The seminar will consist of presentations, participant-facilitated discussions on classroom teaching methods, and roundtable discussions on teaching strategies across multiple disciplines. Presentations and discussions will cover the history of the Holocaust in Poland, Lithuania, and Ukraine; Holocaust testimony; studies of perpetrators, collaborators, and victims; the problem of East European “bystanders”; individual/collective trauma; comparative violence/genocide; gender roles; antisemitism; the reception of the Holocaust in post-communist Eastern Europe; and topics suggested by participants. Participants will be introduced to research resources that may be used in the classroom, including the Museum’s library, document archives, memoir collection, photo archives, oral testimony collection, film and video archive, and Holocaust survivor database. Participants will also have the opportunity to consult and interact with Museum staff and visiting fellows. Information about Museum and Center resources can be found at www.ushmm.org/research/collections and www.ushmm.org/research/center.

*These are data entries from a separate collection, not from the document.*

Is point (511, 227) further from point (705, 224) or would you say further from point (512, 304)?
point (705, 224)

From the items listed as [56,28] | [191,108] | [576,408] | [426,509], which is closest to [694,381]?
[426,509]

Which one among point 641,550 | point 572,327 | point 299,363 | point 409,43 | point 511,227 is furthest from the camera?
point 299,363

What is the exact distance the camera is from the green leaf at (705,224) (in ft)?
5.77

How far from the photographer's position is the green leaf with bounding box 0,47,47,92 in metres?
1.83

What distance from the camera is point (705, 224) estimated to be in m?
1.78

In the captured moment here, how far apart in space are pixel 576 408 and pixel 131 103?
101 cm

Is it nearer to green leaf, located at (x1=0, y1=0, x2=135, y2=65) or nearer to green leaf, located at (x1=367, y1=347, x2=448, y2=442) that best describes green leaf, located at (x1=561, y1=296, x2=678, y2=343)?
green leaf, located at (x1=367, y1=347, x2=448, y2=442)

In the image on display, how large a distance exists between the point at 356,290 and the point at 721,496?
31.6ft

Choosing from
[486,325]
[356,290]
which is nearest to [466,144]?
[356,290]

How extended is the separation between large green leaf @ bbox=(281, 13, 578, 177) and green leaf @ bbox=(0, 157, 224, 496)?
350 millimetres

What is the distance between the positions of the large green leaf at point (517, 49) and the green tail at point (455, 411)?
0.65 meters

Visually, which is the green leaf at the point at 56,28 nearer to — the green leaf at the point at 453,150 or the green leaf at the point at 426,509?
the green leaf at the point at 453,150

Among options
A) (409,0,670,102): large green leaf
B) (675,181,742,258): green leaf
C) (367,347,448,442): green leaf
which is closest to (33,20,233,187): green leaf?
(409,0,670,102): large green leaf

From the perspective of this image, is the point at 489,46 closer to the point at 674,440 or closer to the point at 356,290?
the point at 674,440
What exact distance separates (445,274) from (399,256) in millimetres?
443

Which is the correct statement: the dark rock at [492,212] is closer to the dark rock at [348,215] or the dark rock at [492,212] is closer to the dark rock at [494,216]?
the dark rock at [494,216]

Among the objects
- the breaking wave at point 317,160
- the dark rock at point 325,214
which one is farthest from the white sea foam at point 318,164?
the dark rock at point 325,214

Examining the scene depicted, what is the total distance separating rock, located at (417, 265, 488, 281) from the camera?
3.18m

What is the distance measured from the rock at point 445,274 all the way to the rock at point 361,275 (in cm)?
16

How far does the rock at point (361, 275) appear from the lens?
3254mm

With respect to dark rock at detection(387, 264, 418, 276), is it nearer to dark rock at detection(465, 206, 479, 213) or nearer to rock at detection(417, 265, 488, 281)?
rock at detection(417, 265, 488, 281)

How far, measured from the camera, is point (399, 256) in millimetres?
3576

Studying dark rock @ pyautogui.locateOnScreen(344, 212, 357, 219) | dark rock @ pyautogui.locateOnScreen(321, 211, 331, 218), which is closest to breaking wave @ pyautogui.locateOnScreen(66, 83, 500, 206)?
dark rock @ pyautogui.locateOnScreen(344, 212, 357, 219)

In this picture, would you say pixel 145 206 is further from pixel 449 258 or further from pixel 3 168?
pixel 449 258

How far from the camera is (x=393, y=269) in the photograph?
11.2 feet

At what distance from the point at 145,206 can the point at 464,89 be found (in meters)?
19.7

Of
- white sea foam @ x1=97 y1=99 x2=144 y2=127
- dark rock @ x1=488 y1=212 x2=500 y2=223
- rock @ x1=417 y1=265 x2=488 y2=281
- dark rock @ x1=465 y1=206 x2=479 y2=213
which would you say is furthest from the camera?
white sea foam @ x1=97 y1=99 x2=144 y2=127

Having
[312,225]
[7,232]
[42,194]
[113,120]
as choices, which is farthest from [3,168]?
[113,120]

The 2008 Silberman Seminar will be led by Professor Antony Polonsky, Albert Abramson Chair of Holocaust Studies at Brandeis University. Professor Polonsky is a specialist on the history and culture of the Jews of East Central Europe and the history of the Holocaust. Series Editor for more than a decade of the award-winning annual POLIN: Studies in Polish Jewry, Professor Polonsky is also the author or editor of numerous books, including The History of Poland since 1863 (1981); The Beginnings of Communist Rule in Poland, 1943-1945 (1981); The Jews in Poland (1986); and Jews in Eastern Poland and the USSR, 1939-1946 (1991). His edition of Abraham Lewin's A Cup of Tears: A Diary of the Warsaw Ghetto (1988) won the Joseph and Edith Sunlight Literary Prize in 1989 and the Jewish Book Council of America prize in 1990. Professor Polonsky has been recipient of the National Jewish Book Award (1999) and the Rafael Scharf Award for Outstanding Achievement (2006), and in 1997-8 served as Skirball Visiting Fellow at the Oxford Centre for Hebrew and Jewish Studies.

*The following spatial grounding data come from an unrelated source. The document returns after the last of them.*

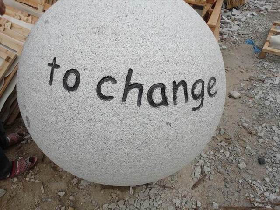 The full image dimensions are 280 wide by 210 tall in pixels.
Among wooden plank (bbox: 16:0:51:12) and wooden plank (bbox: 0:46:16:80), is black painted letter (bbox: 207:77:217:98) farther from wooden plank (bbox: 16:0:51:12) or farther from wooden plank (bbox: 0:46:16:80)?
wooden plank (bbox: 16:0:51:12)

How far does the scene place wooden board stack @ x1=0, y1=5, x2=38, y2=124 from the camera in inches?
137

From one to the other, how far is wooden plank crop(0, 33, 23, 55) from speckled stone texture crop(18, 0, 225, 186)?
145 centimetres

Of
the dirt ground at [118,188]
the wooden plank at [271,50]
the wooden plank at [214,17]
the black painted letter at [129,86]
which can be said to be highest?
the black painted letter at [129,86]

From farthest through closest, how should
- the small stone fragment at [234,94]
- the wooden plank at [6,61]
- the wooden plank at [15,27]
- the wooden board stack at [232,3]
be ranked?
1. the wooden board stack at [232,3]
2. the small stone fragment at [234,94]
3. the wooden plank at [15,27]
4. the wooden plank at [6,61]

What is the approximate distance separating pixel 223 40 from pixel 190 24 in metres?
4.12

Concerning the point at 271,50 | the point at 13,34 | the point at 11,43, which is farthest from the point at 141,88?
the point at 271,50

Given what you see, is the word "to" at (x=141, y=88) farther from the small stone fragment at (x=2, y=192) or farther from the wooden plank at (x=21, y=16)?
the wooden plank at (x=21, y=16)

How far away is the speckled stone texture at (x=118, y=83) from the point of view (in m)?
1.97

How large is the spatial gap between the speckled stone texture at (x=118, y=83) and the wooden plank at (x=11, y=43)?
1450mm

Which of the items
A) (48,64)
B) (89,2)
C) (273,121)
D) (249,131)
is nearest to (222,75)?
(89,2)

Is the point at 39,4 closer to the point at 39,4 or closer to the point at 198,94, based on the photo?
the point at 39,4

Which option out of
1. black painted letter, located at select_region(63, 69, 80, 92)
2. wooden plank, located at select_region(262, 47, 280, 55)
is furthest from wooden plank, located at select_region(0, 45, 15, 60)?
wooden plank, located at select_region(262, 47, 280, 55)

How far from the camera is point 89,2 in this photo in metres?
2.17

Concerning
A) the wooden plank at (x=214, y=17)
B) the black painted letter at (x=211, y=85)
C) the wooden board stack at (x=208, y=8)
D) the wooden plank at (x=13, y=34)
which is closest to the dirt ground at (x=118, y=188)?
the wooden plank at (x=13, y=34) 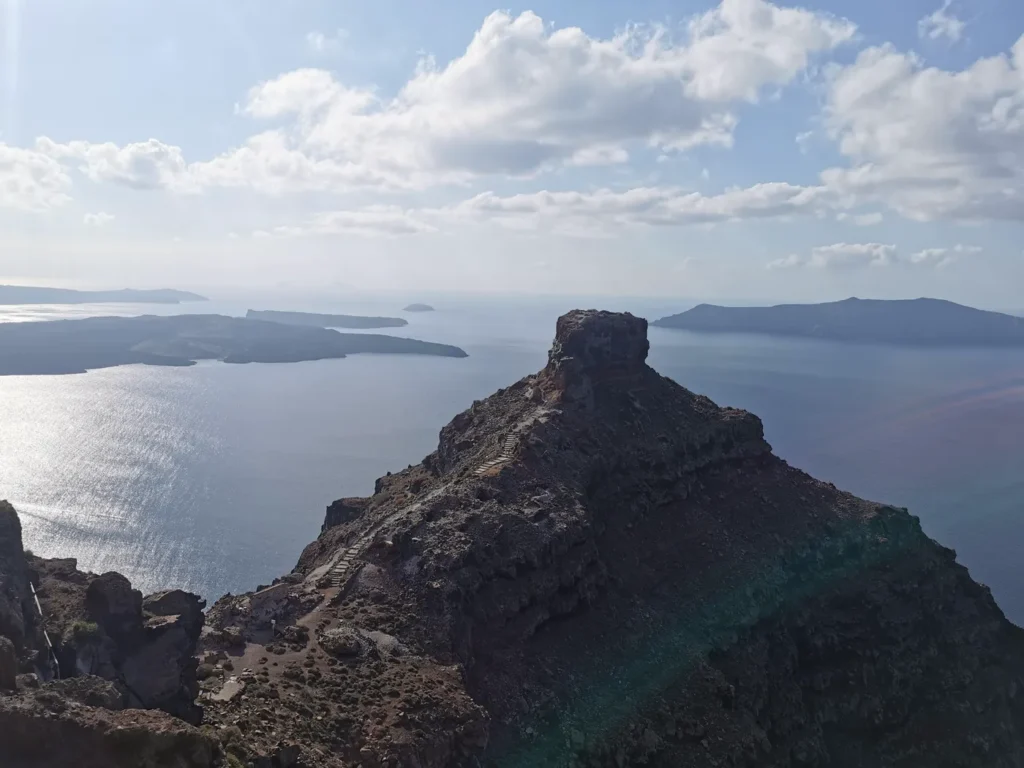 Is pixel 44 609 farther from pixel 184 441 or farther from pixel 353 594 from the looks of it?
pixel 184 441

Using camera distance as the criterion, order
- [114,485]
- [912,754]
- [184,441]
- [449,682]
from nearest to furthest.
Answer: [449,682], [912,754], [114,485], [184,441]

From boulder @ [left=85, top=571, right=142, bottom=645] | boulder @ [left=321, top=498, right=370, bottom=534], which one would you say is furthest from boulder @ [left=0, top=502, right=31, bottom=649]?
boulder @ [left=321, top=498, right=370, bottom=534]

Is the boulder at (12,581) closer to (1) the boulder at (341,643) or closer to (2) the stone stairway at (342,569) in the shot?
(1) the boulder at (341,643)

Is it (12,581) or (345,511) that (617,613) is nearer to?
(345,511)

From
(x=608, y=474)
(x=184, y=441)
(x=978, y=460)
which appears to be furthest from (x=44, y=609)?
(x=978, y=460)

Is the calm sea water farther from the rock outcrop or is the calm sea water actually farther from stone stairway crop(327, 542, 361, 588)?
the rock outcrop

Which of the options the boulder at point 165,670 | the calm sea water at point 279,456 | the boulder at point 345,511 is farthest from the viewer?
the calm sea water at point 279,456

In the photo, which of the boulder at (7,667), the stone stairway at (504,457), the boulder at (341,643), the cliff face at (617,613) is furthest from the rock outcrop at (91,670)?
the stone stairway at (504,457) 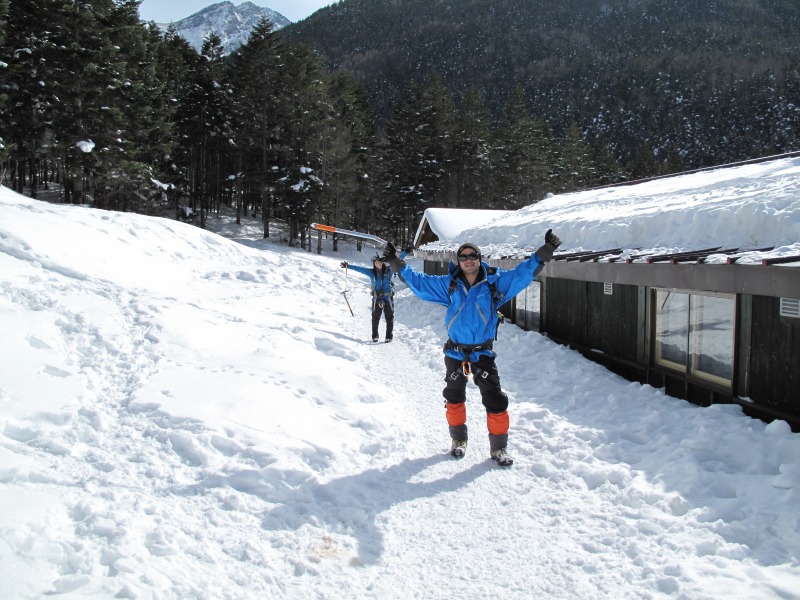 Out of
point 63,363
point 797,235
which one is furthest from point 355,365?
point 797,235

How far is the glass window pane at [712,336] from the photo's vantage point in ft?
19.4

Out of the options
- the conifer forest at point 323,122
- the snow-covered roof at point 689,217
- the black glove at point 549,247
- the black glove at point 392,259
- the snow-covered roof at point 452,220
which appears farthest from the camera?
the snow-covered roof at point 452,220

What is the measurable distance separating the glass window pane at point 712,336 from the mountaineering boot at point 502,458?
2.95 meters

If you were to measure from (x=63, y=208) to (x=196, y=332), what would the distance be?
11462 mm

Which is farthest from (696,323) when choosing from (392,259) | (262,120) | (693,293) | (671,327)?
(262,120)

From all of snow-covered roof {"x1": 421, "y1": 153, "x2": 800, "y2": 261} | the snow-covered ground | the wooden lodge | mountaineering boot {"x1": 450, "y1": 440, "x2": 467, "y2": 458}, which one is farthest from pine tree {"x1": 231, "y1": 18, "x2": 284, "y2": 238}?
mountaineering boot {"x1": 450, "y1": 440, "x2": 467, "y2": 458}

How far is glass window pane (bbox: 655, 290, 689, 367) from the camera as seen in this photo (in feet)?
22.0

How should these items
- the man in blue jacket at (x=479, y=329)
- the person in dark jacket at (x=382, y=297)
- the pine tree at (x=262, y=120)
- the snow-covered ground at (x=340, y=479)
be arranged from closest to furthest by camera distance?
the snow-covered ground at (x=340, y=479) < the man in blue jacket at (x=479, y=329) < the person in dark jacket at (x=382, y=297) < the pine tree at (x=262, y=120)

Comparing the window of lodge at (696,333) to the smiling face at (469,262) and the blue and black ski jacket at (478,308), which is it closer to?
the blue and black ski jacket at (478,308)

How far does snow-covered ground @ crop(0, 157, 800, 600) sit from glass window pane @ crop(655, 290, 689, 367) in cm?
69

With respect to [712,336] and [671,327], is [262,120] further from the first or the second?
[712,336]

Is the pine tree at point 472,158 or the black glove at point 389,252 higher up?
the pine tree at point 472,158

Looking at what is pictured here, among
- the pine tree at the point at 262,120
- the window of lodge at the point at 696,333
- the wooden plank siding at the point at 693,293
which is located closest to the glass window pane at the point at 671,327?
the window of lodge at the point at 696,333

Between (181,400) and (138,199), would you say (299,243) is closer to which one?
(138,199)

Seminar applicants must be faculty members at accredited, baccalaureate-awarding institutions in North America. Applications must include: (1) a curriculum vitae; (2) a statement of the candidate’s specific interest and needs in strengthening their background in Holocaust history for the purposes of improving their teaching; and (3) a supporting letter from a departmental chair or dean addressing the candidate’s qualifications and the institution’s commitment to Holocaust-related education. Syllabi of any Holocaust-related courses that the candidate has taught should also be included. Syllabi will be distributed at the seminar to facilitate discussion of successful teaching strategies.

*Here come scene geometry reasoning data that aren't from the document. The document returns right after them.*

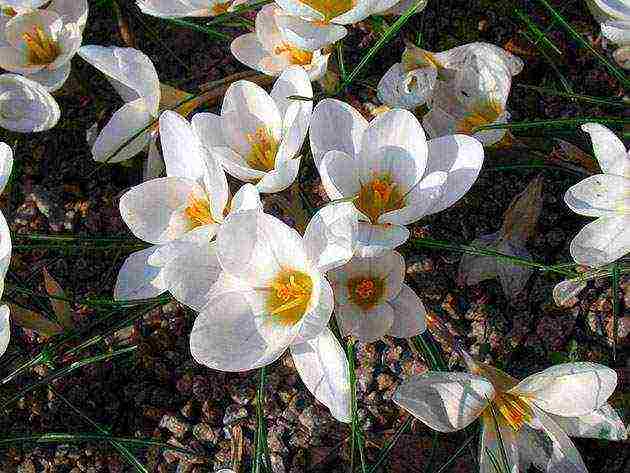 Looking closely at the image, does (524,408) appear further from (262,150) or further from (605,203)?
(262,150)

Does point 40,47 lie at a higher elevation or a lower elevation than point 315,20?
lower

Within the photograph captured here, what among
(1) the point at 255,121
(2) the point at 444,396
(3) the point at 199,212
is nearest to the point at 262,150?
(1) the point at 255,121

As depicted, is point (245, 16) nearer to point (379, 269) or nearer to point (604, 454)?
point (379, 269)

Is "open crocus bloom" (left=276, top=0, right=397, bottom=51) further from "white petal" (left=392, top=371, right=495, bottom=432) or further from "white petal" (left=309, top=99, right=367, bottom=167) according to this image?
"white petal" (left=392, top=371, right=495, bottom=432)

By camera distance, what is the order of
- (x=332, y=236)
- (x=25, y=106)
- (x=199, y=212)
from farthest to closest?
(x=25, y=106), (x=199, y=212), (x=332, y=236)

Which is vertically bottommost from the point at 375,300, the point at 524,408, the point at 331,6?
the point at 524,408

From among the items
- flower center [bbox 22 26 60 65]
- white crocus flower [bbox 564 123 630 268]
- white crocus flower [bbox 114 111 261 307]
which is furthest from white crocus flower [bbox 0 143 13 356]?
white crocus flower [bbox 564 123 630 268]

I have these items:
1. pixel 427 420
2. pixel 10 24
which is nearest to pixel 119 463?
pixel 427 420

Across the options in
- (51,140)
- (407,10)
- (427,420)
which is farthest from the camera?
(51,140)

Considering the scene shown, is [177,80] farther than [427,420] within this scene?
Yes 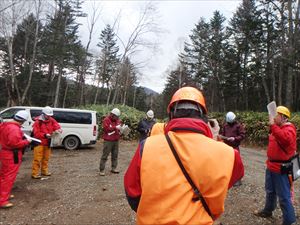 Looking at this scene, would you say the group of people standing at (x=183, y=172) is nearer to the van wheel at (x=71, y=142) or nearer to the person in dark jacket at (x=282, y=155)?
the person in dark jacket at (x=282, y=155)

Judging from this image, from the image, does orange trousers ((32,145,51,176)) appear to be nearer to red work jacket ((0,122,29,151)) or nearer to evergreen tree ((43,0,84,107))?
red work jacket ((0,122,29,151))

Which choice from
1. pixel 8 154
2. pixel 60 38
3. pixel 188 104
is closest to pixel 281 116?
pixel 188 104

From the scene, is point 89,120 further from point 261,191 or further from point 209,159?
point 209,159

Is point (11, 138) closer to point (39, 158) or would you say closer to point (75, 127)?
point (39, 158)

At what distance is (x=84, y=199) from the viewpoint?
741cm

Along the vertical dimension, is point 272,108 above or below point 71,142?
above

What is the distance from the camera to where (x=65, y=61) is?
127 ft

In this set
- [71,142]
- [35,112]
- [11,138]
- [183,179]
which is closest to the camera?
[183,179]

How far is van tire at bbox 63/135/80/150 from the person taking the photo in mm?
15516

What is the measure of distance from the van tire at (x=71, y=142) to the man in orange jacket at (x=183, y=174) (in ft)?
46.1

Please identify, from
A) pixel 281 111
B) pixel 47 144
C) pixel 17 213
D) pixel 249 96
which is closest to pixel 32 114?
pixel 47 144

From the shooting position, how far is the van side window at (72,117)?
1528 centimetres

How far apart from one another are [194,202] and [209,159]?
0.85 ft

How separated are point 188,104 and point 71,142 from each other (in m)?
14.2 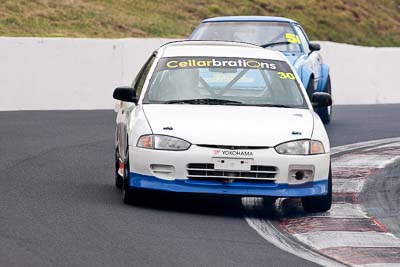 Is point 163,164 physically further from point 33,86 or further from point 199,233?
point 33,86

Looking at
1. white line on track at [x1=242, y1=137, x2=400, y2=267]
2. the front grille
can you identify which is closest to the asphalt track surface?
white line on track at [x1=242, y1=137, x2=400, y2=267]

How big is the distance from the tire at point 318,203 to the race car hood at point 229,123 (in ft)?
1.75

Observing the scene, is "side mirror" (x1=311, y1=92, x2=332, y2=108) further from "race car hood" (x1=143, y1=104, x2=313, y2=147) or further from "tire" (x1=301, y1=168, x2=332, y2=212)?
"tire" (x1=301, y1=168, x2=332, y2=212)

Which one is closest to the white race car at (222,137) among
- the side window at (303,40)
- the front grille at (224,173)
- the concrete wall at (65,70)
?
the front grille at (224,173)

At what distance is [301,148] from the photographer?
1073cm

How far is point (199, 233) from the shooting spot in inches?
378

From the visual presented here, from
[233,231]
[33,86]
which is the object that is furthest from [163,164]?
[33,86]

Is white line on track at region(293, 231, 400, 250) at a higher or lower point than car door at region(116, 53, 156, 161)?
lower

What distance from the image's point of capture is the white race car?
10531 mm

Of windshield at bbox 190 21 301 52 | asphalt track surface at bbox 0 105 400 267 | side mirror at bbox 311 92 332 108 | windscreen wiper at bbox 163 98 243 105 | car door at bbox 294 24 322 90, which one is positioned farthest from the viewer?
windshield at bbox 190 21 301 52

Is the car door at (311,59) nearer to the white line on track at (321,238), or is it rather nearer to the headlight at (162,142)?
the white line on track at (321,238)

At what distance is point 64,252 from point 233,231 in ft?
5.79

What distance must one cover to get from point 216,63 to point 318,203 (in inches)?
68.2

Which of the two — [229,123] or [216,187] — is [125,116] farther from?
[216,187] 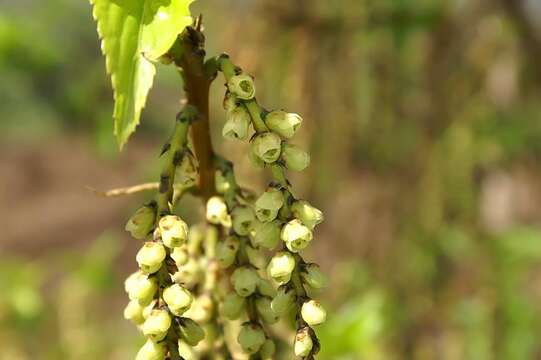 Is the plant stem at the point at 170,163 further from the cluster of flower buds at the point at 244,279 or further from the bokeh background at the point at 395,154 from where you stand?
the bokeh background at the point at 395,154

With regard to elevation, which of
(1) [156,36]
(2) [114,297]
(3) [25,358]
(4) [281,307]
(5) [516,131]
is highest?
(2) [114,297]

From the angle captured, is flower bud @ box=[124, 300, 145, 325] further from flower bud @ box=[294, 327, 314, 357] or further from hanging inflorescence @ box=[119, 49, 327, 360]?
flower bud @ box=[294, 327, 314, 357]

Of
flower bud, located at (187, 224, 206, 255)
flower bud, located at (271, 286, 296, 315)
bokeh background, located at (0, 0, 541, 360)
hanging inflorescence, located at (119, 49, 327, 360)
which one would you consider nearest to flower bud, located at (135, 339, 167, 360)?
hanging inflorescence, located at (119, 49, 327, 360)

Admission will be decided without regard to age, gender, race, creed, or national origin. A maximum of twenty applicants will be accepted. For non-local participants, the Center will defray the cost of (1) direct travel to and from the participant’s home institution and Washington, DC, and (2) lodging for the duration of the seminar. Incidental, meal, and book expenses must be defrayed by the candidates or their respective institutions. All participants must attend the entire seminar from June 2 to 13, 2008.
The Curt C. and Else Silberman Foundation endowed the Silberman Seminar for University Faculty in memory of Curt C. and Else Silberman. The Foundation supports programs in higher education that promote, protect, and strengthen Jewish values in democracy, human rights, ethical leadership, and cultural pluralism.